だが、ここで引いては話が進まないのでアレンは構わず話を続ける。
「この際、お前の趣味嗜好は置いといてもらうぞ」
「うるさいわね。あなたの婚約者の方々をさらに美しく磨き上げるのは私の使命なのよ!!」
クリスティナの言葉にフィアーネ達は説明を求める視線をアレンに送る。
「ああ、クリスティナは基本的にお前の両親と同じタイプだ…」
「え?」
アレンの言葉にフィアーネは呆けた返事を返す。
「つまりな…お前の両親は装いを仕立てたり、装飾品を作成するだろ…」
「うん」
「クリスティナは色合いとか小物とかを合わせるいわゆるコーディネートが趣味なんだ」
アレンの言葉にフィアーネ達は困惑する。そこにアルフィスも声をかける。
「まぁ…フィアーネ嬢達も時間がある時で良いからクリスティナに付き合ってあげてくれ」
アルフィスの言葉に3人は頷く。
「よろしくお願いします」
「あ、え~と…よろしくお願いします」
「今度、アレンさんとデートするときにコーディネートお願いします」
3人はクリスティナへ伝えるとクリスティナは嬉しそうに微笑む。
「ああ~アディラ様といい、フィアーネ様といい、レミア様、フィリシア様といい…これほどの逸材が…でへへ」
クリスティナの変態親父モードが発動しかけた (というよりもしている)所をアルフィスが止める。

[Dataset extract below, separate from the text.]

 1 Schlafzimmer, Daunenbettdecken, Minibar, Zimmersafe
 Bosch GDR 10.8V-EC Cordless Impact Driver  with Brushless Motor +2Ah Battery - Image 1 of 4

「まったくクリスティナは逸材を見つけるとすぐにこうなるんだよな」
アルフィスの声には苦笑未満の響きがある。未満なのはクリスティナの行動を認めているからだろう。愛のなせる業と呼んでも良いだろう。
「さて…人の目もありますから本題に入りましょうか」
先程の奇行はいきなりを収めると真面目な顔でジュセルを見やる。その変わりようにフィアーネ達は驚くがクリスティナをよく知る、アレン、アルフィス、アディラは驚かない。クリスティナが素の部分を見せるのは極々親しい者だけだ。先程のクリスティナが素であるならば、こちらのクリスティナは公爵令嬢というよそ行きだ。
「さてジュセル様ですね」
クリスティナがジュセルに声をかける。
「は、はい、ジュセル=ミルジオードと言います。よろしくお願いします」
ジュセルは立ち上がるとクリスティナに一礼する。少し、噛んだが傍目には文句の付けようのない一礼であった。
「王太子殿下、王女殿下をよろしくお願いいたします」
クリスティナは一礼と共にそう言う。するとサロンにいる生徒達の中から驚きの声が発せられる。クリスティナは国家の重鎮である宰相エルマイン公の末娘であり、王太子アルフィスの婚約者だ。貴族社会において絶大な影響力を持つ人物なのだ。その人物が一人の少年に頭を下げたのであるから驚くのも当然だった。
「ああ、頼りにしているぞジュセル」
続いてアルフィスが満面の笑みでジュセルに話す。その親しげな様子にまたも周囲の生徒達がざわめく。ここまで来ると声をかけられている少年の正体が気になるところである。
「アレン、ジュセルの腕前はどうだ?」
アルフィスがアレンに問いかける。どうやらアレンも舞台に上がってこいと言う事のようだった。その事を察したアレンは心の中でニヤリと笑うと舞台に上がる。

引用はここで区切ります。